Ayer descubrí a un murguero triste. Subía solitariamente por la calle, ya de madrugada, y parecía arrastrar hasta la nariz de payaso por el suelo humedecido por una ligerísima lluvia. Una auténtica novedad, porque los murgueros no suelen mostrarse tristes, sino cabreados. Ya no recuerdo la última vez que ví a alguno de ellos reírse en el escenario. Los murgueros, desde hace varios lustros, están permanentemente emputados, porque han asumido un papel que nadie jamás les pidió: ser la voz del pueblo. Una tremebunda responsabilidad que no puede asumirse ni ejercerse, obviamente, con una sonrisa en los labios. Desde que se produjo este acontecimiento, es decir, la transformación de las murgas en un hibrido pintarrajeado entre el Orfeón Donostiarra y Maximilien Robespierre, los murgueros ya no se ríen, sino se encrespan; ya no vacilan, sino denuncian; ya no son agentes libres que terminaban –como todos nosotros –borrachos al amanecer, sino que forman parte normalizada, asimilada, deglutida del carnaval institucional, regado con cientos de miles de euros y cubierto por una maraña selvática de ordenanzas, normas y reglamentos
El murguero triste, acaso melancólico, venía, con toda seguridad, del concurso de murgas. Hasta en su lento y cansino andar se le notaba hondamente decepcionado. Su murga no había ganado y no cabe dudar que se lo merecía.
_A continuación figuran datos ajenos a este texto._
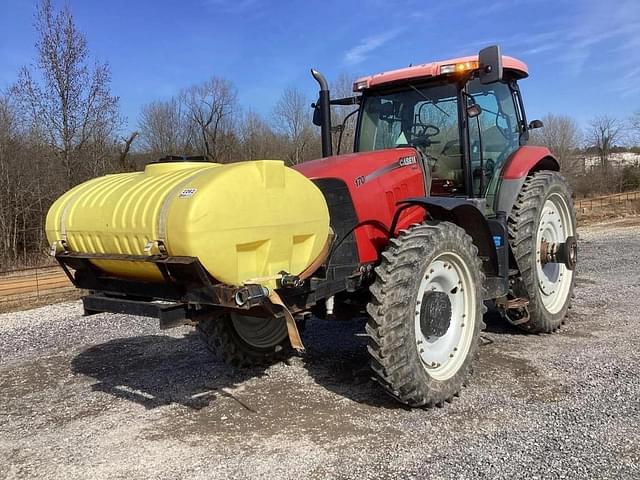 Image of Case IH Puma 170 equipment image 1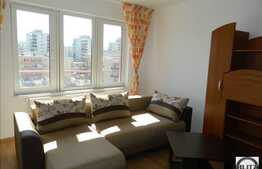 De vanzare 2 camere, 67 mp utili, balcon. imobil nou! Zona UMF!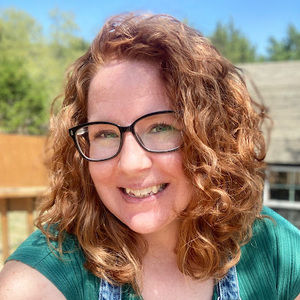 Meet your Posher, Lindsay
La voz del pueblo, como el pueblo en general, resulta muy sensible al halago, y los premios son, básicamente, distinciones halagadoras. Mientras las murgas se transformaban en agentes reconocidos, premiados y subvencionados de la sociedad civil, los partidos políticos han hecho el camino inverso, murguerizándose hasta extremos, precisamente, payasescos. No hay murgas más cabalmente murgueras que los actuales partidos políticos. Todos son la voz del pueblo. Todos denuncian lo que se ha hecho vergonzosamente mal. Todos disfrutan de una democracia interna tremendamente murguera. Todos desafinan bajo la batuta del payaso jefe y cuando llega la hora del concurso, es decir, de las elecciones, todos han ganado en buena lid, y si refunfuñan es para advertir que las bases del concurso se reducen a un conjunto de trampas para que siempre venzan los mismos y no se pueda escuchar (en efecto) la voz del pueblo.
Me gustaría haber podido explicárselo al murguero triste, solitario y final del otro día. Haberle dicho, con lágrimas en los ojos: “Han estado muy bien. El próximo año estarán en la final y puede que saquen un diputado”. O algo así.